§ Work request
Write down exactly the lines of the records below, beginning with the first and ending with the line that includes "Foto 8 | Escritorio".
****
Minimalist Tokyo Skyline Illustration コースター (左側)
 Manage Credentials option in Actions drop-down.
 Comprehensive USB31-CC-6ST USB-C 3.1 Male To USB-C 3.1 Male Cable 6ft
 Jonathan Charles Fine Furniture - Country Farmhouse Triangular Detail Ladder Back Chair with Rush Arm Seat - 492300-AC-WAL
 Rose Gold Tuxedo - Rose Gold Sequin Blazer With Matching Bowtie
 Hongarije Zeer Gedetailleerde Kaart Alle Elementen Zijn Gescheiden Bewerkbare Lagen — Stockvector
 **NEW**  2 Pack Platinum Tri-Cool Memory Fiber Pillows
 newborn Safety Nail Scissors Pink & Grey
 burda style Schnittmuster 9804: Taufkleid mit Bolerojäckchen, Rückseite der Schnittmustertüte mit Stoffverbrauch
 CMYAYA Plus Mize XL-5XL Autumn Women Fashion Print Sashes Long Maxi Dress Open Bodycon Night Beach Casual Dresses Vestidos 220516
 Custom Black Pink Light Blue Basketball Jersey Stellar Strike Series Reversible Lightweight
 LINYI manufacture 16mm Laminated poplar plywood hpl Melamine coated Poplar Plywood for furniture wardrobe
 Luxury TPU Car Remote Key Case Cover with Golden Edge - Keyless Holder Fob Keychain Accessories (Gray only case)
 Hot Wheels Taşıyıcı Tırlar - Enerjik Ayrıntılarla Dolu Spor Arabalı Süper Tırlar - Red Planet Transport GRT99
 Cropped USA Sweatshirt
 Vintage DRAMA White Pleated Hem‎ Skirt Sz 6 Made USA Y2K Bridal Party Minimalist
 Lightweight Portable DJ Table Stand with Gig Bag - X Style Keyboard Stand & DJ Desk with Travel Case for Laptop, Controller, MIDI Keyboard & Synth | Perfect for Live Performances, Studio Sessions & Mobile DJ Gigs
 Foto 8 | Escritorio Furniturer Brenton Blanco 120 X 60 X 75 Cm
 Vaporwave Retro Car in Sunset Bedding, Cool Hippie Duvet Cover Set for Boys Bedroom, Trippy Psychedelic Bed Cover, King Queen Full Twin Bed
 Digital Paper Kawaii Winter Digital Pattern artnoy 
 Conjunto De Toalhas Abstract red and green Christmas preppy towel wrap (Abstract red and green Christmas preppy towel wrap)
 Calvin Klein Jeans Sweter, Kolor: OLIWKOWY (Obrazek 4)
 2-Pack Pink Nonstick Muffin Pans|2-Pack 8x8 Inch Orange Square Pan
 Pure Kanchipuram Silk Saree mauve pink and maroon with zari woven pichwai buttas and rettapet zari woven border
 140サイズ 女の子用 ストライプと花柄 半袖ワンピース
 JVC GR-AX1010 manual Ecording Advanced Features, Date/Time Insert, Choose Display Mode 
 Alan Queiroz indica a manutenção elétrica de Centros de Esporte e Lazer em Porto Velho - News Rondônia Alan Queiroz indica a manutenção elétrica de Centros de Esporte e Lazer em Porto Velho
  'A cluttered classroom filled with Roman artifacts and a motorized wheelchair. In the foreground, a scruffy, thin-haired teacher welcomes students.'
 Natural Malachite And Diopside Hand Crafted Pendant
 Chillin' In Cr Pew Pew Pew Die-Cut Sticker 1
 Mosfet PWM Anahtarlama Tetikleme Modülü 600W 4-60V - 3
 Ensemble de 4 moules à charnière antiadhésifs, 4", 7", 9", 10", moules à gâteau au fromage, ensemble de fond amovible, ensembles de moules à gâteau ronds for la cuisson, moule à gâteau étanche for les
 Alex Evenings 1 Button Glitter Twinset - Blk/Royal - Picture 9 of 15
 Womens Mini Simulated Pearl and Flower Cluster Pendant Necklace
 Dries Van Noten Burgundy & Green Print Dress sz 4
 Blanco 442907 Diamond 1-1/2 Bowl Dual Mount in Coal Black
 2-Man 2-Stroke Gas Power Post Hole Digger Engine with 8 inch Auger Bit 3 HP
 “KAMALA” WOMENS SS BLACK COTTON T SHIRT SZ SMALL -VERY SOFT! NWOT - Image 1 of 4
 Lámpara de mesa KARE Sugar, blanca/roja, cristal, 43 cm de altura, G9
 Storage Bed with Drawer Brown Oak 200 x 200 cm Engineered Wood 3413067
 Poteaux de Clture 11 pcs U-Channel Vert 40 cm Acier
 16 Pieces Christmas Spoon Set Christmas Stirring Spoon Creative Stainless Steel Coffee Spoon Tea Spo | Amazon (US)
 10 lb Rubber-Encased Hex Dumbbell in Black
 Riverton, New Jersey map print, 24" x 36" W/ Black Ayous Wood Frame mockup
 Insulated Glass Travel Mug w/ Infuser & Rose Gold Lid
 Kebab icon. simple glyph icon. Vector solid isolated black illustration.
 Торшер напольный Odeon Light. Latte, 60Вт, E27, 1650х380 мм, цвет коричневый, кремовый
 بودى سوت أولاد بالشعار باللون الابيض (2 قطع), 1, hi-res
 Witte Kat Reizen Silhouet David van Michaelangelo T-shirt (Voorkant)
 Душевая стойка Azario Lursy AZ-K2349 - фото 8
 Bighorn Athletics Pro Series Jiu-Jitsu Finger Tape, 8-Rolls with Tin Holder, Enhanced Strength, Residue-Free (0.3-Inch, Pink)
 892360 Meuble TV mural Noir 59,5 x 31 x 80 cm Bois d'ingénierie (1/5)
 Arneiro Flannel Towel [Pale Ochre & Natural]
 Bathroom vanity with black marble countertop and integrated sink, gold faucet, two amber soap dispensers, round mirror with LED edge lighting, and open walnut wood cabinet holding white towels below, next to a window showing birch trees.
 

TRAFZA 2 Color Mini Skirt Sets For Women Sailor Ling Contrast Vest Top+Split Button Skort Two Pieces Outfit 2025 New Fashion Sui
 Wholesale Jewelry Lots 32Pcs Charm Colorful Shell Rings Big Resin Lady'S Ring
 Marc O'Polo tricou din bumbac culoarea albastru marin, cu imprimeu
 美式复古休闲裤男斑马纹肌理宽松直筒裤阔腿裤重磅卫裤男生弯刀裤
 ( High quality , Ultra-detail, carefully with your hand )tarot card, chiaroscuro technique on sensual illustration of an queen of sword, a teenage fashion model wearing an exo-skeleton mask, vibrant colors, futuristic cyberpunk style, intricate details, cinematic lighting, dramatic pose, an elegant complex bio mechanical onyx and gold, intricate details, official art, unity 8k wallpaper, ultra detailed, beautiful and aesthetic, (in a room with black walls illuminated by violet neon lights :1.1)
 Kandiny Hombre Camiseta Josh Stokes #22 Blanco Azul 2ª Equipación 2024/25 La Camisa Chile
****
§ Finished task
Minimalist Tokyo Skyline Illustration コースター (左側)
 Manage Credentials option in Actions drop-down.
 Comprehensive USB31-CC-6ST USB-C 3.1 Male To USB-C 3.1 Male Cable 6ft
 Jonathan Charles Fine Furniture - Country Farmhouse Triangular Detail Ladder Back Chair with Rush Arm Seat - 492300-AC-WAL
 Rose Gold Tuxedo - Rose Gold Sequin Blazer With Matching Bowtie
 Hongarije Zeer Gedetailleerde Kaart Alle Elementen Zijn Gescheiden Bewerkbare Lagen — Stockvector
 **NEW**  2 Pack Platinum Tri-Cool Memory Fiber Pillows
 newborn Safety Nail Scissors Pink & Grey
 burda style Schnittmuster 9804: Taufkleid mit Bolerojäckchen, Rückseite der Schnittmustertüte mit Stoffverbrauch
 CMYAYA Plus Mize XL-5XL Autumn Women Fashion Print Sashes Long Maxi Dress Open Bodycon Night Beach Casual Dresses Vestidos 220516
 Custom Black Pink Light Blue Basketball Jersey Stellar Strike Series Reversible Lightweight
 LINYI manufacture 16mm Laminated poplar plywood hpl Melamine coated Poplar Plywood for furniture wardrobe
 Luxury TPU Car Remote Key Case Cover with Golden Edge - Keyless Holder Fob Keychain Accessories (Gray only case)
 Hot Wheels Taşıyıcı Tırlar - Enerjik Ayrıntılarla Dolu Spor Arabalı Süper Tırlar - Red Planet Transport GRT99
 Cropped USA Sweatshirt
 Vintage DRAMA White Pleated Hem‎ Skirt Sz 6 Made USA Y2K Bridal Party Minimalist
 Lightweight Portable DJ Table Stand with Gig Bag - X Style Keyboard Stand & DJ Desk with Travel Case for Laptop, Controller, MIDI Keyboard & Synth | Perfect for Live Performances, Studio Sessions & Mobile DJ Gigs
 Foto 8 | Escritorio Furniturer Brenton Blanco 120 X 60 X 75 Cm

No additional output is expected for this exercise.